= Miley Save Fuzzy =

Website and internet campaign

Miley Save Fuzzy is a website in which an anonymous Miley Cyrus fan threatened to kill and eat their pet cat unless she returns to Twitter. Miley Cyrus is aware of the campaign, and commented about it in several interviews, in which she stated that she will not come back to Twitter.

==MileySaveFuzzy.com==
The website was created on October 24, 2009. On the website, the anonymous fan claimed that if Miley Cyrus did not come back to Twitter by November 16 (a deadline which was later extended to November 22), their cat, Fuzzy, would be killed and eaten. The fan claimed this action is legal in their country. The website includes several pictures of Fuzzy, as well as a cat recipes section.

On November 23, 2009, the Miley Cyrus fan posted a new update on the website, named Fuzzy's Demise, claiming that the cat is dead. The fan claimed that the cat was taken to a clinic and was euthanized, and was later eaten. A very detailed explanation of the entire process is described, and pictures of a supposedly dead Fuzzy were posted.

Shortly after the update was announced, there were difficulties accessing the website. An error page showed up, presumably due to the large number of hits it received, causing bandwidth issues.
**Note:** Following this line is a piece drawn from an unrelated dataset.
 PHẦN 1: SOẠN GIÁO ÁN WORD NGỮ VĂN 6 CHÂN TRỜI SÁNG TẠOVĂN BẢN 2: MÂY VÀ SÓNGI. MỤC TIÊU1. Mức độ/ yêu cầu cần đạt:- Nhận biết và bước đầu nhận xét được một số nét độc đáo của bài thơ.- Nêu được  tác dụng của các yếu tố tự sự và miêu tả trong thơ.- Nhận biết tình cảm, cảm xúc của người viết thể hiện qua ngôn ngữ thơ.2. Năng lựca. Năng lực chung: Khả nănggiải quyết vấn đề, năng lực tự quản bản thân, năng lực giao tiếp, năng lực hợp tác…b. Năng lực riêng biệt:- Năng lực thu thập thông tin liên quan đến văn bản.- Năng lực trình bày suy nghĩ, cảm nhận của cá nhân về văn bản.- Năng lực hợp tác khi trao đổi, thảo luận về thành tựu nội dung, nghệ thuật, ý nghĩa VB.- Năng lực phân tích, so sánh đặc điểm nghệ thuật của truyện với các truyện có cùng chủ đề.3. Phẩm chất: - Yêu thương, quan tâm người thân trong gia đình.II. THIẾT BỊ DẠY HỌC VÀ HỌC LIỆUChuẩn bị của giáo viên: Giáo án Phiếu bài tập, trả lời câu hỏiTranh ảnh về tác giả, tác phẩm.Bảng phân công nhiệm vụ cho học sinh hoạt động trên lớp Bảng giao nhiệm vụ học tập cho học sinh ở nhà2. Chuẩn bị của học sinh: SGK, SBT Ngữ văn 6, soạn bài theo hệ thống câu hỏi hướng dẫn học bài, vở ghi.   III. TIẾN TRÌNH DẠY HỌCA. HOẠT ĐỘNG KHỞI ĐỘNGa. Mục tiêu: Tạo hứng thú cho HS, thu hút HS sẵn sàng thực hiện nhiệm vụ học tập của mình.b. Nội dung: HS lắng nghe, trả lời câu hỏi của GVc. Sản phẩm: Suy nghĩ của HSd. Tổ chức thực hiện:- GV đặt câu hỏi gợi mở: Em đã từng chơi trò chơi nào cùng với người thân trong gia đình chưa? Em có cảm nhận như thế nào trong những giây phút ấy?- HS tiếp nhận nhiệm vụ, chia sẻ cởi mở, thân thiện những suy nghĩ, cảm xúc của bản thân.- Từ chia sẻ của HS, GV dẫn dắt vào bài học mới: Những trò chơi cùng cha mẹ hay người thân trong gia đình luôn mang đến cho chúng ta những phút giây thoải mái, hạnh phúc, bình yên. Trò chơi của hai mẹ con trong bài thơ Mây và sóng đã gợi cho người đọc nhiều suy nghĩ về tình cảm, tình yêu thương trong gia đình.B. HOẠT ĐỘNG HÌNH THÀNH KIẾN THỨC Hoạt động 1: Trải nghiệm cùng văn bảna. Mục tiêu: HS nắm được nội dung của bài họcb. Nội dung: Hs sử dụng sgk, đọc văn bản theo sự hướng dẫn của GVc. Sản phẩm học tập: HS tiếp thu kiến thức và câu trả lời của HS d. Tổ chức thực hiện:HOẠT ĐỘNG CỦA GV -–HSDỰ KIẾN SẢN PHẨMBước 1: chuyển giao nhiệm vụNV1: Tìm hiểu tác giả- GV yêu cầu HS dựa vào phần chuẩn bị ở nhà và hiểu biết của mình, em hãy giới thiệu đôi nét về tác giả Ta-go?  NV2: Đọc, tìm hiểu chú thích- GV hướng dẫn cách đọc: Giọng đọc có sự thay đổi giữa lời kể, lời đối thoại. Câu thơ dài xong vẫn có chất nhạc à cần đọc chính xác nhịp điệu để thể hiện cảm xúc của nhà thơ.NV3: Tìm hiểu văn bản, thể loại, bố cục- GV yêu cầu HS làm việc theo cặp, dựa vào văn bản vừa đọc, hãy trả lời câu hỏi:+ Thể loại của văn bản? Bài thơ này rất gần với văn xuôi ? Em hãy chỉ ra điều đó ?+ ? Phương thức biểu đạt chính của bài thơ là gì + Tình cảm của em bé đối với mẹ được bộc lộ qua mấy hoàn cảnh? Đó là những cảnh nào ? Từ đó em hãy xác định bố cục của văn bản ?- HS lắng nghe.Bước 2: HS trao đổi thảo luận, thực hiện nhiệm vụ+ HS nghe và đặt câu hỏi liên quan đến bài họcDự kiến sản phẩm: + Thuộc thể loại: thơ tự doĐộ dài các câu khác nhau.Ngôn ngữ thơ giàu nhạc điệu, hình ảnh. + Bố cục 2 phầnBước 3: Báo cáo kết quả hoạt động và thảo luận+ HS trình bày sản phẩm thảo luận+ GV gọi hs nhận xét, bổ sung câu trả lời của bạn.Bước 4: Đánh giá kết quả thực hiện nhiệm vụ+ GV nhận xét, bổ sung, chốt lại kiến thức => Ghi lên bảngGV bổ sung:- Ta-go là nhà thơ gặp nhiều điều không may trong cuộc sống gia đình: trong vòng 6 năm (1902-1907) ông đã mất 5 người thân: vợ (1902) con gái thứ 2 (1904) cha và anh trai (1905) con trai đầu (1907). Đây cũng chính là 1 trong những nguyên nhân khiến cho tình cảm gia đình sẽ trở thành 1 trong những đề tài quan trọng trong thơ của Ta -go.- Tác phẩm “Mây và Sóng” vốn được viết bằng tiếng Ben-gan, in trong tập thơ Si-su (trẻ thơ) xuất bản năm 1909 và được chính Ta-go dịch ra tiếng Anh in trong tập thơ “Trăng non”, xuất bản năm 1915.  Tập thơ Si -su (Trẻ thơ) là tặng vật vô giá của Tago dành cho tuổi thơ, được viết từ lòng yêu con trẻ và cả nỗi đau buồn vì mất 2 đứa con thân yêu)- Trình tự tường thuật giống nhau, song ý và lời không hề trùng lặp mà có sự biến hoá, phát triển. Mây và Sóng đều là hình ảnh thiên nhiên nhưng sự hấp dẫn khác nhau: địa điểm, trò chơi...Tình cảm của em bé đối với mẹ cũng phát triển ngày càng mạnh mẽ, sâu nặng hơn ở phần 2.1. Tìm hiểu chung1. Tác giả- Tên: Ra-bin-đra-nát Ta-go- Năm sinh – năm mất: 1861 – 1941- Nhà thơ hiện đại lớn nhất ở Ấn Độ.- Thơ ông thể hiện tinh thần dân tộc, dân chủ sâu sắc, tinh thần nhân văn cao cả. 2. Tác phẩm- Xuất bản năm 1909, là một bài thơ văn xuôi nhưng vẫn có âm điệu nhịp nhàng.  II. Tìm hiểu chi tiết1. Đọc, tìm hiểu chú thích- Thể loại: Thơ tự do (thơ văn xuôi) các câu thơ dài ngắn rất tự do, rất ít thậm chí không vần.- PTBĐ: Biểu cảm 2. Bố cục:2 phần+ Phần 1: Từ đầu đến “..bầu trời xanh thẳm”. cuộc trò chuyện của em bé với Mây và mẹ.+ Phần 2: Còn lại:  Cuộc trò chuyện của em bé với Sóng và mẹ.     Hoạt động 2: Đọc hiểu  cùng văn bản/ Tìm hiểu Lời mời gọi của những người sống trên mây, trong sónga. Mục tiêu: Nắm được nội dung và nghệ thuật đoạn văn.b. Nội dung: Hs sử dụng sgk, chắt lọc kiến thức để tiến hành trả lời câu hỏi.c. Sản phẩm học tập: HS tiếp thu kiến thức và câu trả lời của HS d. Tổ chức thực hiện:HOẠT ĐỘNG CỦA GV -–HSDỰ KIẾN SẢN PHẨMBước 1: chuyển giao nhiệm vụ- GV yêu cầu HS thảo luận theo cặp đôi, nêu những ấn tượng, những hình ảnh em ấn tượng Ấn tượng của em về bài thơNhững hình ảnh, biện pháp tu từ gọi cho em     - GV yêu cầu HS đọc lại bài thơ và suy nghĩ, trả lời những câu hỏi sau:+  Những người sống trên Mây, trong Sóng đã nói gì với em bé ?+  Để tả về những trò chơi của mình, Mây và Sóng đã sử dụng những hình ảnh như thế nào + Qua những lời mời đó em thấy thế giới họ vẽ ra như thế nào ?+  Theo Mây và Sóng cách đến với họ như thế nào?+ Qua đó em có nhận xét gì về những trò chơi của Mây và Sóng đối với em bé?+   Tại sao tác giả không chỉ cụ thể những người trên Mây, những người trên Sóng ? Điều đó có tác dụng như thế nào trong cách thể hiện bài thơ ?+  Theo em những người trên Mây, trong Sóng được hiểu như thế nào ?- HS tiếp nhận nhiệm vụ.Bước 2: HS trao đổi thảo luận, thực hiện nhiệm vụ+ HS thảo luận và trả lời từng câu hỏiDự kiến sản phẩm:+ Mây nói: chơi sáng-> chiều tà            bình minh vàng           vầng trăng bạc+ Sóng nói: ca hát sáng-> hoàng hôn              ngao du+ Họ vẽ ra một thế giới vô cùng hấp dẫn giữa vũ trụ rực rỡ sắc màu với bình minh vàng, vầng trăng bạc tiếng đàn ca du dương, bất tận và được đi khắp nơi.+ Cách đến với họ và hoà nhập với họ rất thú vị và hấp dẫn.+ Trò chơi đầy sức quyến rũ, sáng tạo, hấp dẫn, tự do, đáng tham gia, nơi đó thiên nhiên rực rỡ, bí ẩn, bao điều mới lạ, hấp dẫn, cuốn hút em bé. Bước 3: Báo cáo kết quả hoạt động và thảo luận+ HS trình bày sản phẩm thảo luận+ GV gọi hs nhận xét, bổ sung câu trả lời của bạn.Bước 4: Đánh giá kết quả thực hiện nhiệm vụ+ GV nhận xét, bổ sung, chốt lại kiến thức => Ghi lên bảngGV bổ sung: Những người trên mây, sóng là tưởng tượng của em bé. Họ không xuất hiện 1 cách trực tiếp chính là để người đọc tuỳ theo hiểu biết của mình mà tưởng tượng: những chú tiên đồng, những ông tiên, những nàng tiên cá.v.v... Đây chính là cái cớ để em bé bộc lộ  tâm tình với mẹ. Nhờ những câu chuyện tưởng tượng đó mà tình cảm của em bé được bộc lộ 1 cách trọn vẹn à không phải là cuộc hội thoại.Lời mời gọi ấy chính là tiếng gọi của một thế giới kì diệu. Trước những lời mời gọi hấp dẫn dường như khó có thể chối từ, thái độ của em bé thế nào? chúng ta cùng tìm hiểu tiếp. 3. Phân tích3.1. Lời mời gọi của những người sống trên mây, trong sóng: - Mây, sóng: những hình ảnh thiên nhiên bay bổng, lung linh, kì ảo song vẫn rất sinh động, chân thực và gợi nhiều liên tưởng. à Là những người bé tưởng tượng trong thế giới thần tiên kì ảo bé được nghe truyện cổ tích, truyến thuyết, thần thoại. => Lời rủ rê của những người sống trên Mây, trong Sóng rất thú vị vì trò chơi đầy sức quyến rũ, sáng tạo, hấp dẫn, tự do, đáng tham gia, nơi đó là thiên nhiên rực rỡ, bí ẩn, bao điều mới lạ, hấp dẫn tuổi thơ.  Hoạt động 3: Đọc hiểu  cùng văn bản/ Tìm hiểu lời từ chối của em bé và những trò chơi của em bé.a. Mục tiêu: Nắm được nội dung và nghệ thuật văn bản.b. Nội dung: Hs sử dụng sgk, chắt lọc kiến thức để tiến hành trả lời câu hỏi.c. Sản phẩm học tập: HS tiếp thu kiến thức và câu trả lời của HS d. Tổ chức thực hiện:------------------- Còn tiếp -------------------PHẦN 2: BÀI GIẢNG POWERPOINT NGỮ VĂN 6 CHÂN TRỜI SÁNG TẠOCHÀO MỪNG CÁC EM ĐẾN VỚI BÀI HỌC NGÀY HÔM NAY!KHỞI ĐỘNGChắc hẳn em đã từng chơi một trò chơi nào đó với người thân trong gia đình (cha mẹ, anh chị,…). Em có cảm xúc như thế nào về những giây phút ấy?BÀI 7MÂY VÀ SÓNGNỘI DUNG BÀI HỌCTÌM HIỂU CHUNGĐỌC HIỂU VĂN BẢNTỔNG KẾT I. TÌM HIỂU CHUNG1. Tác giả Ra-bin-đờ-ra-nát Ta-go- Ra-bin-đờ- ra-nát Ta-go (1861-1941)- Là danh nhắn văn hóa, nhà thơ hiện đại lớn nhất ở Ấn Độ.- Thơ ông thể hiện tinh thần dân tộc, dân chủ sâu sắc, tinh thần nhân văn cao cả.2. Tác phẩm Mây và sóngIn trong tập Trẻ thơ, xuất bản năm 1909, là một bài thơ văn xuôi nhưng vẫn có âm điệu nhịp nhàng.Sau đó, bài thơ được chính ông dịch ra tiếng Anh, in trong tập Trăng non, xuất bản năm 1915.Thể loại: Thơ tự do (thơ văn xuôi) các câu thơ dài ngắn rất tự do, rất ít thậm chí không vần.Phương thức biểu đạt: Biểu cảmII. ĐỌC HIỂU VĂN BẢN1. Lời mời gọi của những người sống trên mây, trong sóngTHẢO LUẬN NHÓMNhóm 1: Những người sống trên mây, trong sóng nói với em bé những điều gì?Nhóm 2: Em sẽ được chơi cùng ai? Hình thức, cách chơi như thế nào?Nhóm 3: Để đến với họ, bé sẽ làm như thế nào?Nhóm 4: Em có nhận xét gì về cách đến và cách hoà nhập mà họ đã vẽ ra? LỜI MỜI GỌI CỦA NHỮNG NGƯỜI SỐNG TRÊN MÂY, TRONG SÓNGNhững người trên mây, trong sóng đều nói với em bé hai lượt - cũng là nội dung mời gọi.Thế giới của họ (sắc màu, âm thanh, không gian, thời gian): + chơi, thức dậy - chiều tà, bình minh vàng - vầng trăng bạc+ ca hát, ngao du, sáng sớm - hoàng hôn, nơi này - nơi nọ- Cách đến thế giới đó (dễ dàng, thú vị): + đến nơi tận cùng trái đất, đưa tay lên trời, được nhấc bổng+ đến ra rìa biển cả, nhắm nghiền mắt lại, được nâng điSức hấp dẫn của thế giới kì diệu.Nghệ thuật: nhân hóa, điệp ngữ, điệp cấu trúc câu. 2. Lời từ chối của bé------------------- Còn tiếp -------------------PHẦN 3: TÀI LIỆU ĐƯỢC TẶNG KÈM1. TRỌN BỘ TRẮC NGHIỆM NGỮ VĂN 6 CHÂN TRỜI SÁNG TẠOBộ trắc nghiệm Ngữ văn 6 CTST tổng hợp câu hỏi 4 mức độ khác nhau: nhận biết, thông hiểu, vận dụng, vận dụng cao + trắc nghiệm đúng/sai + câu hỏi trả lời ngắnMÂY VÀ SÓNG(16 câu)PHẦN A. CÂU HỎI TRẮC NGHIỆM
==Public response and legitimacy==
The website received media attention throughout the United States and in other countries, such as Spain, Romania and others. The campaign was also mentioned on various radio stations across the globe.

People working against the site have contacted organizations such as PETA and The Humane Society, who responded on their official forums and by email, saying that nothing can be done, as 'no' crime is being committed.